その間に両手の包帯は取れ、中断していた皆の防具などの製作にも着手し始めた。練習も兼ねて僕の防具から作ったのだが、磐筒を宿した事による恩恵は凄く本人が言っていた通り神懸った結果となる。
恩恵を簡単に言ってしまえば武具製作の成功率とボーナス値の上昇だったのだが、何て言うか失敗する気がしないのだ。これも磐筒の恩恵だとするとやっぱり神様の名前は伊達じゃないのだろう。
驚いている僕の頭の中で勝ち誇ってさえいなければ素直に尊敬できたのに……。
また、ロッタの父親であるミランも無事退院してきた。
久しぶりの我が家が女の子の巣窟になっていたことに驚いていたが、柚姉やロッタから話しを聞いていくうちにどうやら納得をしたようだ。
これからは家族水入らずで暮らせる事だろう。良かった良かった……。良かったのだが、何故か心にチクリと痛みが走る。
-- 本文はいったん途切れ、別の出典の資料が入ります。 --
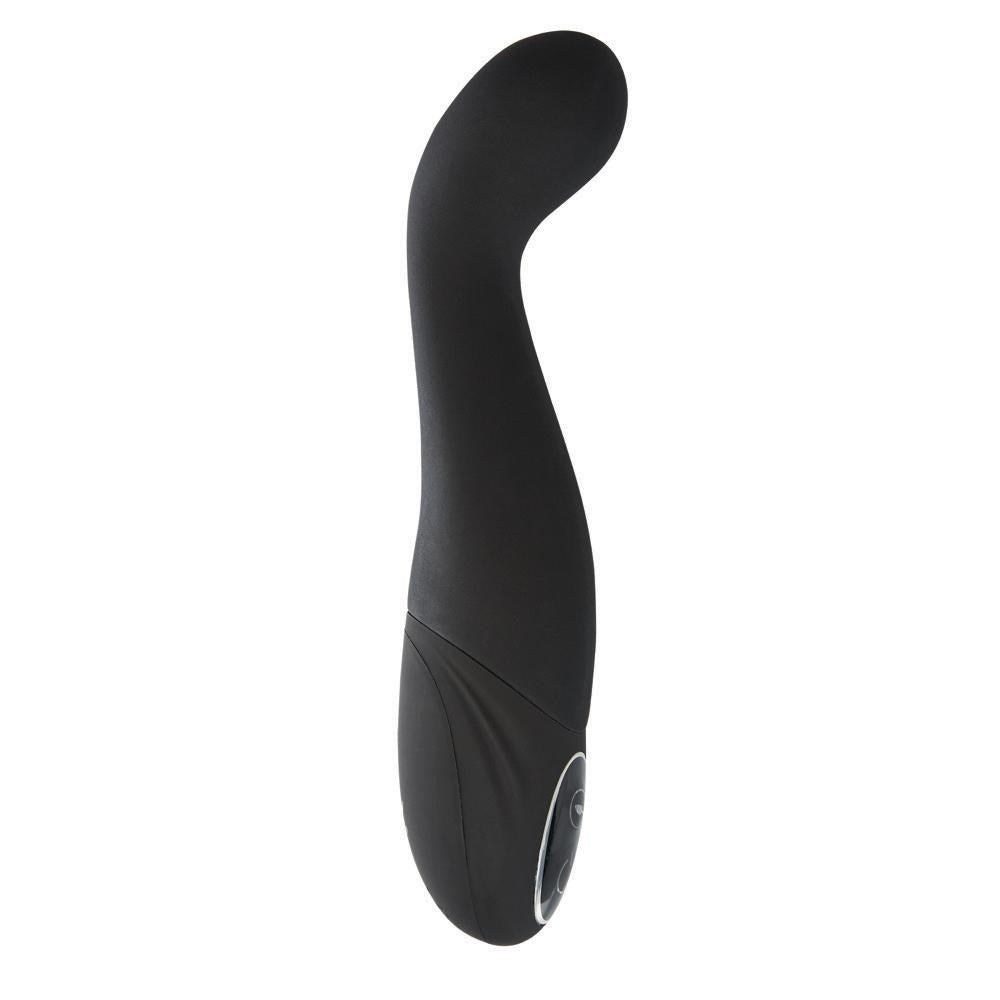 Sincerely Flexible G-Spot Vibrator Black - G-Spot Vibrators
僕はここ数日で起きた事を思い出しつつ、愛莉歌のフィストを仕上げていた。相変わらず磐筒の恩恵は呆れる程に力を発揮している。
『どうですか? 今日も絶好調ですよ?
「何か絶好調過ぎてゲームだったら完全にバランスブレイカーだよね」
出来上がったフィストを眺めつつ磐筒と会話をする。端から見れば独り言なんだろうけど。
「お邪魔してもよろしいですか?」
そんな時、ふと後ろから声をかけられた。この素敵なおじ様ヴォイスは……。
「ミランさん」
振り向くとそこにはここの家主であるミランが立っていた。病み上がりのためか線が細い印象を受ける。しかし、メガネの奥に光る眼光は鋭くたった今僕が作り上げたフィストを見つめていた。
「少し、よろしいですかな?」
物腰は柔らかいのにこの有無を言わせる迫力……。僕も職人として年期を重ねれば身に付くのだろうか?……無理だな。
「そのフィストは貴女が?」
「え、あ、はい。そうです」
「拝見してもよろしいですかな?」
急に声をかけられ吃りぎみになってしまったが、僕は手に持っていた真新しいフィストをミランに手渡すことが出来た。
「うむ……」
ミランは一度唸ったまま黙ってしまう。
なんだろう……何かミスったかな?
「あの……」
「素晴らしい……イズモさん、これからも娘をお願いします」
ミランは僕にフィストを手渡すと深々と頭を下げてきた。いきなりの急展開に僕の頭は完全に置いてきぼり状態だ。
「娘が師事をお願いしたと聞いたときは驚きましたが……なるほど、これ程の腕をお持ちとは」
「あ、いえ、それほどでは?」
「お父さん何やってるの!?」
ミランと話していると奥から物凄い勢いでロッタが飛び出してきた。ミランはロッタに向き直ると優しく声をかけ始めた。
「ロッタ、折角これ程までの腕を持った人が師匠になってくださったのだ。これからもしっかりと学んで来なさい」
ミランの影で見えないが、ロッタが息を呑む気配が伝わってきた。話しが見えないが、どうやらロッタも一緒に行けるようだ。
「不出来な娘ですがよろしくお願いします」
「お願いします!!」
ロッタと一緒に旅が出来る。その事実がわかった瞬間何故か僕は気持ちがすっと軽くなる気がしたのだけど、これは一体……?
まぁ何にせよ、僕達のパーティに新しいメンバーが増えた。これからの旅も楽しくなりそうだ。